Old way is preferred way at T.S. Smith & Sons

Apples still picked, sorted and packed by hand
By Ron MacArthur | Dec 19, 2012
Photo by: Ron MacArthur Black-twig apples grow on some of the oldest trees in the Smith's orchards.

Bridgeville — T.S. Smith & Sons in Bridgeville is one of the oldest farming operations in Sussex County, and for the most part the Smith family says, the old ways are the best ways.

The orchard and farm have been in continuous operation by the Smith family since 1907, now in its fourth generation. The farm is the state's oldest apple, peach and nectarine grower and the only apple grower in Sussex County.

The apple-packing house is the oldest in the state, dating back to 1928, with most of the original equipment still in use. Even the sorting and packing equipment has the Smith mark on it being produced by a family company in the 1930s. The farm and market are on Delaware's Agri-Tourism Trail and the packing house and market on Redden Road are on the National Register of Historic Places.

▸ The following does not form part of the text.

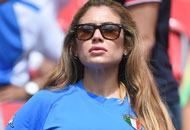 Si no tenía un micro hilacho, andaba rueda libre: La italiana en el estadio (OMG)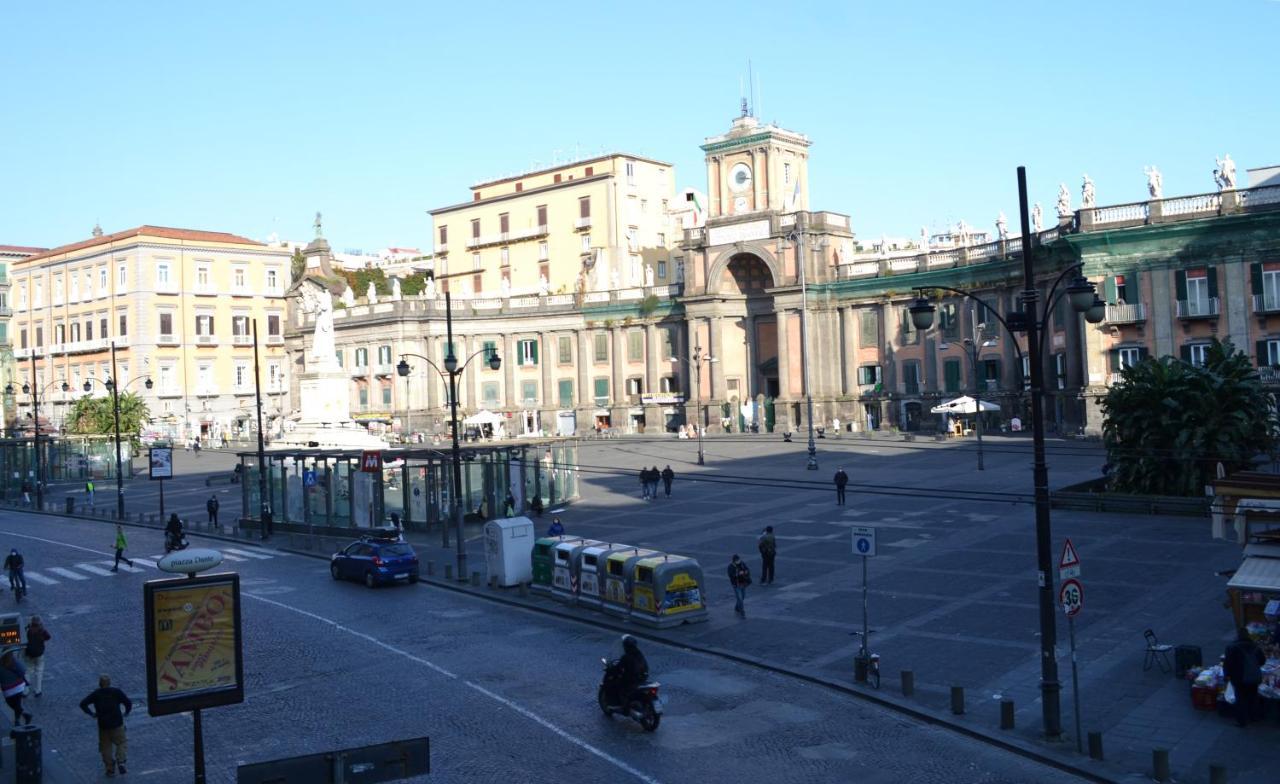 Questo Rinascimento Casa Brigitte Napoli Exterior foto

Charlie Smith, who along with brothers Tom and Matt Smith now run the farm, said they have intentionally chosen not to modernize. Apples are still picked, sorted and packaged by hand. Most of the farm's 80 acres of apples are sold within a 100-mile radius of Bridgeville, including local farmers' markets. The orchard once contained upwards of 300 acres.

The Smiths process about 50,000 bushels of apples each year so it's a constant process of ripping down old trees and planting new ones. Smith said the average apple tree can bear good fruit for about 25 years; the average peach tree for about 15 years. When trees are torn down, the wood is sold for smoking purposes. Dwarf trees planted closer together are starting to become the norm, Smith said.

Selling apples wholesale and retail, T.S. Smith grows 15 different types of apples, with the harvest season running from July into fall. Apples are also stored in cold storage and processed after harvest. The market is open until Christmas.

Although apples are the Smith's signature product, there is much more to the farm. Orchards make up a tenth of the 800-acre farm on both sides of Route 13 just outside Bridgeville. The Smiths also grow sweet corn, watermelons, pumpkins, cantaloupe and other vegetables including asparagus, squash and broccoli. The Smith's market, located within the packing house on Redden Road, is known far and wide for its cider, dumplings and doughnuts, made fresh daily.

The Smiths have also planted cherry trees, plums, figs, beach plums, pawpaws and quince to diversify their orchards.

The Smith's embrace the past, but also look to the future by expanding agri-tourism opportunities at the farm and branching out with two satellite markets. The Smiths teamed up with Great Shoals Winery to produce Black Twig Hard Apple Cider, the first of its kind in Delaware.

On the farm, the Smiths use no-till and crop rotation and water everything on the farm with an underground trickle irrigation system to save water. The farm also has its own solar-powered cold storage unit.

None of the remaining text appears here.